Le capitaine Speedy commença à se gratter le front, comme s’il eût voulu en arracher l’épiderme. Huit mille dollars à gagner, sans modifier son voyage, cela valait bien la peine qu’il mît de côté son antipathie prononcée pour toute espèce de passager. Des passagers à deux mille dollars, d’ailleurs, ce ne sont plus des passagers, c’est de la marchandise précieuse.



«Je pars à neuf heures, dit simplement le capitaine Speedy, et si vous et les vôtres, vous êtes là?…



– À neuf heures, nous serons à bord!» répondit non moins simplement Mr. Fogg.



Il était huit heures et demie. Débarquer de l’Henrietta, monter dans une voiture, se rendre à l’hôtel Saint-Nicolas, en ramener Mrs.
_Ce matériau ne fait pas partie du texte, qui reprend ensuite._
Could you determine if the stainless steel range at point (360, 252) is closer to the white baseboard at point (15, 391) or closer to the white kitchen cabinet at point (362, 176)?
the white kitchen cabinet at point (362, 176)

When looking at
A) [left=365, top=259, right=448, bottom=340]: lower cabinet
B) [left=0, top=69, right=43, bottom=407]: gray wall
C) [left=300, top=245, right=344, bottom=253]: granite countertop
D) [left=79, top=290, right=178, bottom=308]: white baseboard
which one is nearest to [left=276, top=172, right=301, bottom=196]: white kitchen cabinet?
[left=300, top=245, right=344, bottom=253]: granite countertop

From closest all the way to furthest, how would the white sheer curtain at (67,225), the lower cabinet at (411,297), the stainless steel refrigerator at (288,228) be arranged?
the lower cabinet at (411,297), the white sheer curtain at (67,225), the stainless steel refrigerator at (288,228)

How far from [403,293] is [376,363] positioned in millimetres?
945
Aouda, Passepartout, et même l’inséparable Fix, auquel il offrait gracieusement le passage, cela fut fait par le gentleman avec ce calme qui ne l’abandonnait en aucune circonstance.



Au moment où l’Henrietta appareillait, tous quatre étaient à bord.
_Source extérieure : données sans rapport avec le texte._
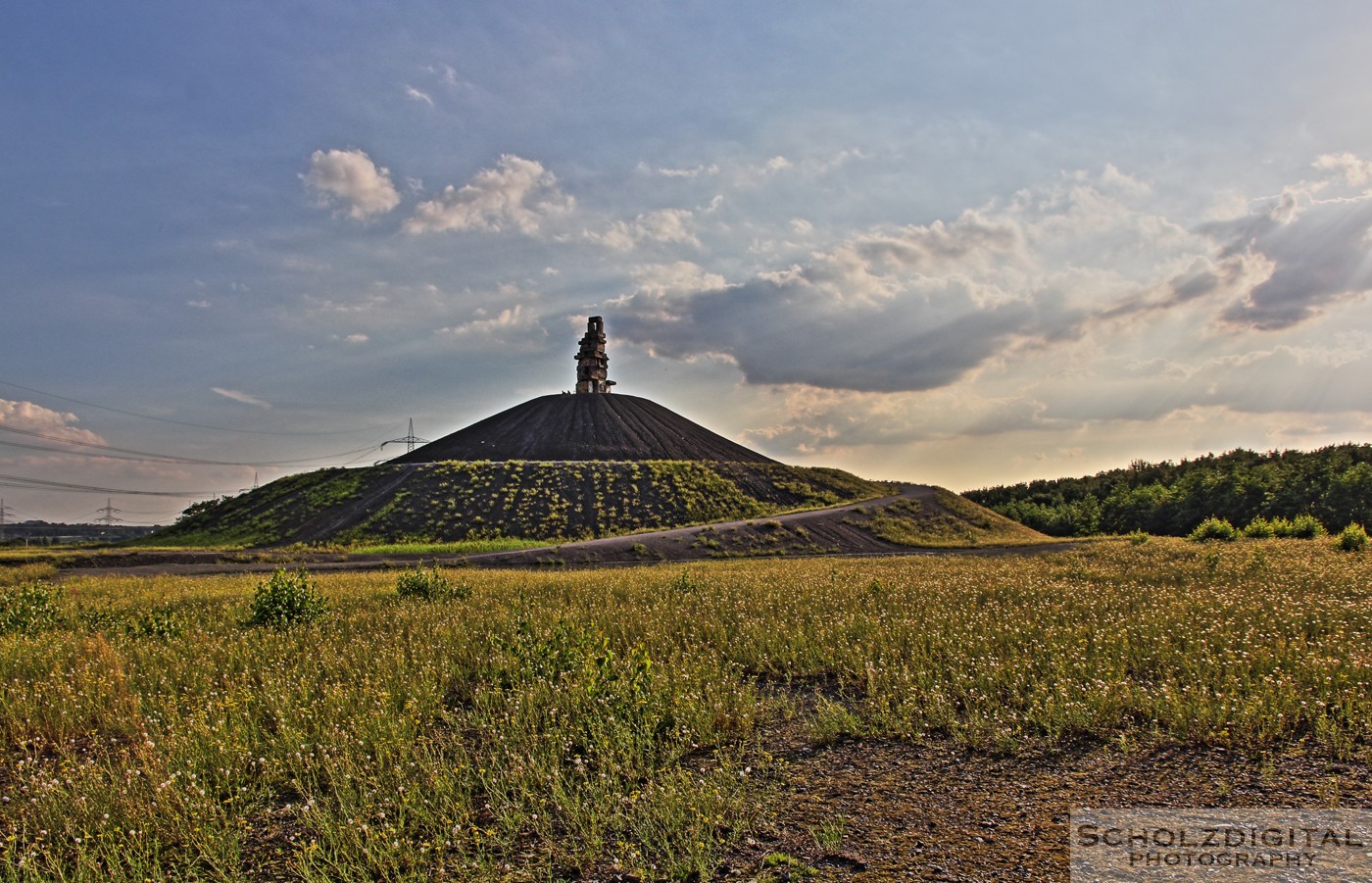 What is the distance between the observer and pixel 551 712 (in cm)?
640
Lorsque Passepartout apprit ce que coûterait cette dernière traversée, il poussa un de ces «Oh!» prolongés, qui parcourent tous les intervalles de la gamme chromatique descendante!



Quant à l’inspecteur Fix, il se dit que décidément la Banque d’Angleterre ne sortirait pas indemne de cette affaire. En effet, en arrivant et en admettant que le sieur Fogg n’en jetât pas encore quelques poignées à la mer, plus de sept mille livres (175 000 F) manqueraient au sac à bank-notes!
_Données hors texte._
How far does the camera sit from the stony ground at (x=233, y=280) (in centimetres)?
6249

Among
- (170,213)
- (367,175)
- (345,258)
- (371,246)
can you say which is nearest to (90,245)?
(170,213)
XXXIII. OÙ PHILEAS FOGG SE MONTRE À LA HAUTEUR DES CIRCONSTANCES

Une heure après, le steamer Henrietta dépassait le Light-boat qui marque l’entrée de l’Hudson, tournait la pointe de Sandy-Hook et donnait en mer. Pendant la journée, il prolongea Long-Island, au large du feu de Fire-Island, et courut rapidement vers l’est.



Le lendemain, 13 décembre, à midi, un homme monta sur la passerelle pour faire le point. Certes, on doit croire que cet homme était le capitaine Speedy! Pas le moins du monde. C’était Phileas Fogg. esq.



Quant au capitaine Speedy, il était tout bonnement enfermé à clef dans sa cabine, et poussait des hurlements qui dénotaient une colère, bien pardonnable, poussée jusqu’au paroxysme.



Ce qui s’était passé était très simple. Phileas Fogg voulait aller à Liverpool, le capitaine ne voulait pas l’y conduire. Alors Phileas Fogg avait accepté de prendre passage pour Bordeaux, et, depuis trente heures qu’il était à bord, il avait si bien manœuvré à coups de bank-notes, que l’équipage, matelots et chauffeurs – équipage un peu interlope, qui était en assez mauvais termes avec le capitaine, – lui appartenait. Et voilà pourquoi Phileas Fogg commandait au lieu et place du capitaine Speedy, pourquoi le capitaine était enfermé dans sa cabine, et pourquoi enfin l’Henrietta se dirigeait vers Liverpool. Seulement, il était très clair, à voir manœuvrer Mr. Fogg, que Mr. Fogg avait été marin.



Maintenant, comment finirait l’aventure, on le saurait plus tard. Toutefois, Mrs. Aouda ne laissait pas d’être inquiète, sans en rien dire. Fix, lui, avait été abasourdi tout d’abord. Quant à Passepartout, il trouvait la chose tout simplement adorable.



«Entre onze et douze nœuds», avait dit le capitaine Speedy, et en effet l’Henrietta se maintenait dans cette moyenne de vitesse.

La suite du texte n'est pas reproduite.